Inequality and cumulative advantage in science careers: a case study of high-impact journals

EPJ Data Science

Table 3 Summary statistics for two aggregate regression models

Journal set	$N_{p}$	A	B	S	p-val.	$N_{f i t}$	$R^{2}$
Economics	4-9	1,090	0.17(3)	−0.046(4)	$1 \times 10^{- 5}$	9	0.93
Shuffled	4-9	21,800	−0.003(6)	0.0001(1)	0.68	9	0.03
Economics	10-20	373	0.17(2)	−0.021(4)	$5 \times 10^{- 4}$	10	0.87
Shuffled	10-20	7,460	0.01(1)	−0.002(2)	0.23	10	0.17
Mgmt. Sci.	5-10	262	0.22(9)	−0.05(1)	$6 \times 10^{- 3}$	10	0.63
Shuffled	5-10	5,240	−0.01(3)	0.004(4)	0.40	10	0.09
Mgmt. Sci.	11-20	62	0.5(1)	−0.07(2)	$4 \times 10^{- 3}$	10	0.68
Shuffled	11-20	1,240	0.03(2)	0.005(4)	0.20	10	0.19
Nat./PNAS/Sci.	5-10	3,953	0.15(2)	−0.035(4)	$8 \times 10^{- 6}$	10	0.93
Shuffled	5-10	79,060	−0.006(8)	0.002(1)	0.28	10	0.16
Nat./PNAS/Sci.	11-20	847	0.23(3)	−0.032(4)	$10^{- 4}$	10	0.88
Shuffled	11-20	16,940	0.02(1)	−0.003(1)	0.05	10	0.36

Journal set	$N_{p}$	$N_{d}$	b	s	p-val.	A	$R^{2}$
Economics	4-9	6,183	0.19(3)	−0.053(7)	0	1,090	0.012
Economics	10-20	3,730	0.17(3)	−0.022(6)	$3 \times 10^{- 4}$	373	0.005
Mgmt. Sci.	5-10	1,710	0.26(4)	−0.07(1)	0	262	0.020
Mgmt. Sci.	11-20	620	0.48(9)	−0.07(2)	$10^{- 4}$	62	0.042
Nat./PNAS/Sci.	5-10	26,010	0.19(1)	−0.048(3)	0	3,953	0.013
Nat./PNAS/Sci.	11-20	8,470	0.23(2)	−0.032(4)	0	847	0.013

(Top) The regression model (ii) given by Eq.(8): A denotes the number of individual careers that were aggregated for each mean impact trajectory $〈 \tilde{z} (n) 〉$ . B and S are estimated using ordinary least squares, along with the F-test p-value, the number $N_{f i t}$ of data points, and the $R^{2}$ correlation value.
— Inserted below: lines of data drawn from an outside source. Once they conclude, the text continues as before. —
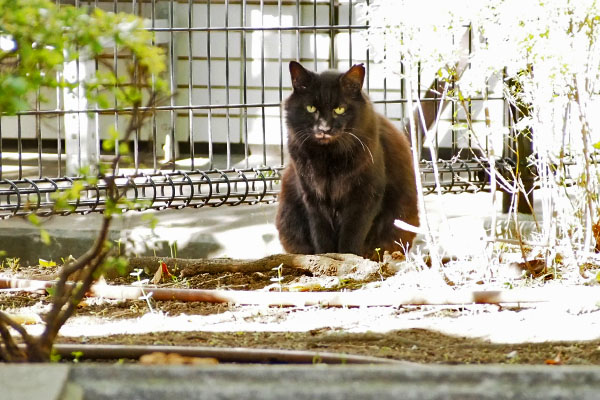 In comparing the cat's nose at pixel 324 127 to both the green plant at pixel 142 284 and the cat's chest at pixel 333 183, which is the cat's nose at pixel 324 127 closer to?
the cat's chest at pixel 333 183

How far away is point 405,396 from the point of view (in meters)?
2.03

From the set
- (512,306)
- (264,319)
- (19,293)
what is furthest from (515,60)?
(19,293)

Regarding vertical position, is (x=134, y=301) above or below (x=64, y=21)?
below

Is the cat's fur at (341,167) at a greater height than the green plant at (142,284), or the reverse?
the cat's fur at (341,167)

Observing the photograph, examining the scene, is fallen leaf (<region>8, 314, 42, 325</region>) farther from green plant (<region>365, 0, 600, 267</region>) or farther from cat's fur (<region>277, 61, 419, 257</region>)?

The number in parentheses represents the standard error in the last digit shown. The ‘shuffled’ values correspond to the parameter estimations using our citation shuffling scheme (conserving the empirical citation distribution) that also allows for an increase in the sample size by a factor of 20). We also include the management science careers for comparison since the dataset contained a sufficient number of researcher profiles to analyze. Bold-faced p-values indicate the regressions with p ≤ 0.01. (Bottom) The fixed-effects linear regression model (iii) (implemented by the function ‘xtreg, vce(robust) fe’ in STATA11) given by Eq. (9). We used the ‘vce(robust)’ Huber-White variance estimator to account for possible heteroscedasticity in the model errors. $N_{d}$ denotes the number of observations, b and s are the coefficient estimates of the fixed-effects model (value in parenthesis is the robust standard error in the last significant digit), and p-val. corresponds to the model F-statistic F(1,A − 1).